▸ **WHAT IS REQUIRED**: Drop the pictures and restate the rest of the listing word for word.

▸ **DATASET CONTENT**:
[Start of Attachment]

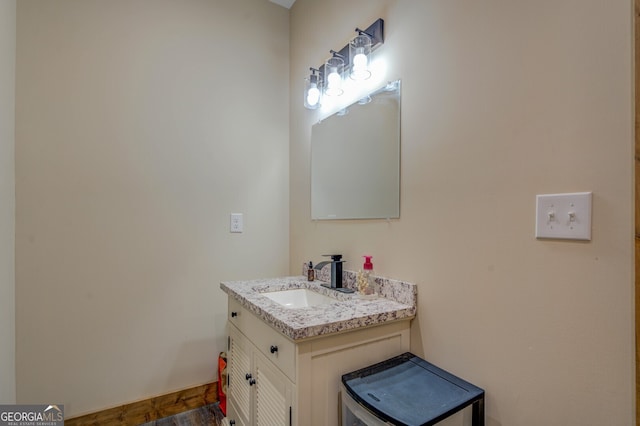 bathroom featuring vanity and wood-type flooring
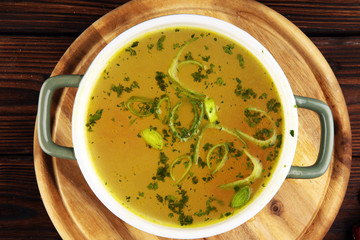 Broth with carrots, onions various fresh vegetables in a pot - colorful fresh clear spring soup. Rural kitchen scenery vegetarian bouillon stock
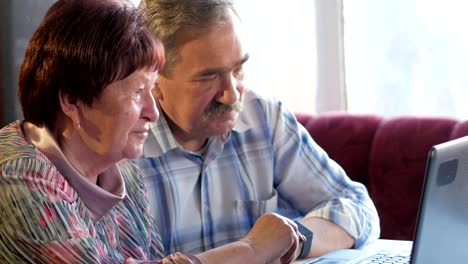 Una-pareja-de-ancianos-está-sentado-en-casa-en-la-computadora-portátil.-Una-mujer-lee-noticias,-un-hombre-con-un-bigote-se-sienta-junto-a-él-y-las-conversaciones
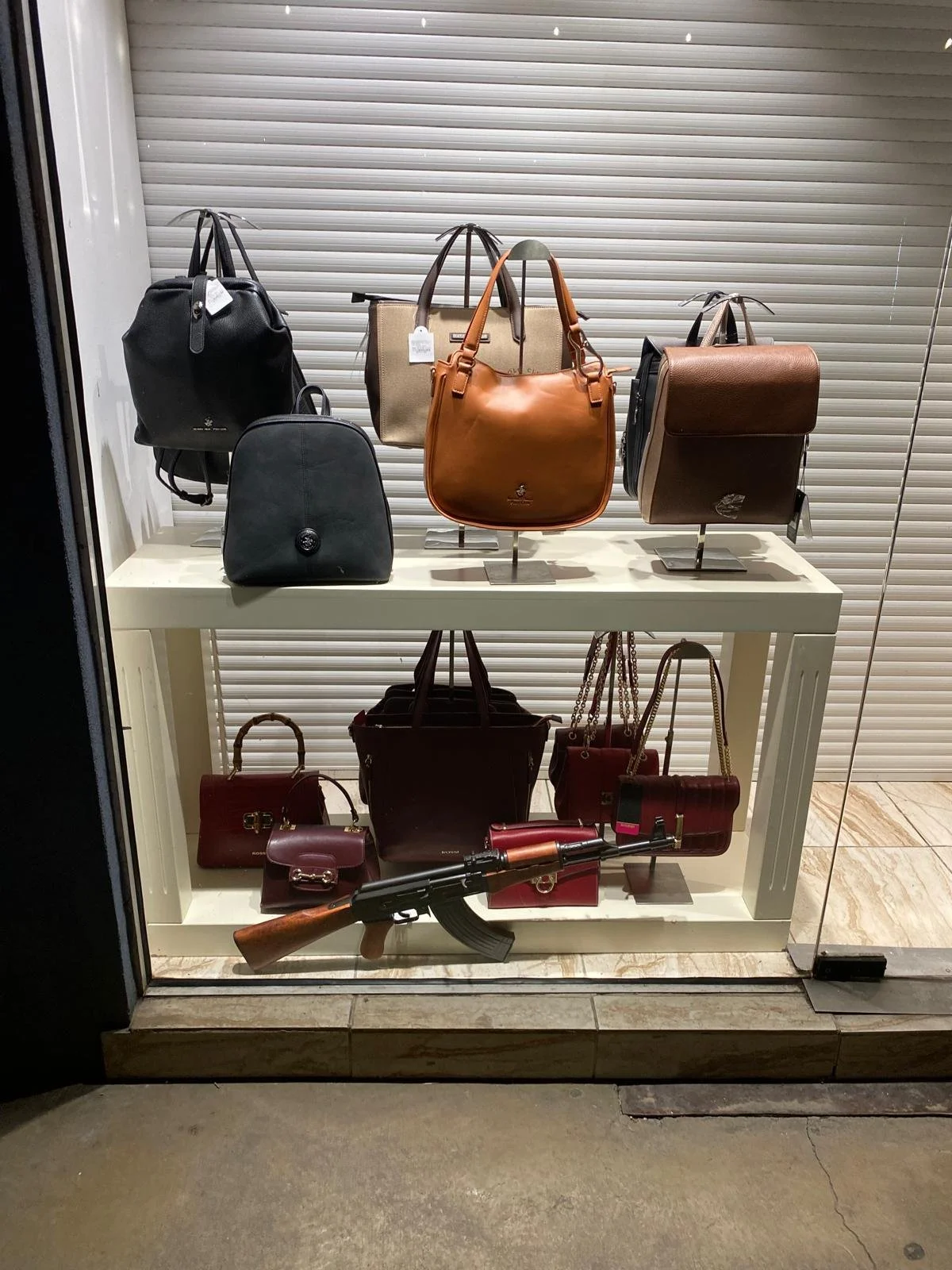 Interesting choice of AK-47 to accentuate the beautiful purses for sale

[End of Attachment]

▸ **RESPONSE AREA**:
 bathroom featuring vanity and wood-type flooring
 Broth with carrots, onions various fresh vegetables in a pot - colorful fresh clear spring soup. Rural kitchen scenery vegetarian bouillon stock
 Una-pareja-de-ancianos-está-sentado-en-casa-en-la-computadora-portátil.-Una-mujer-lee-noticias,-un-hombre-con-un-bigote-se-sienta-junto-a-él-y-las-conversaciones
 Interesting choice of AK-47 to accentuate the beautiful purses for sale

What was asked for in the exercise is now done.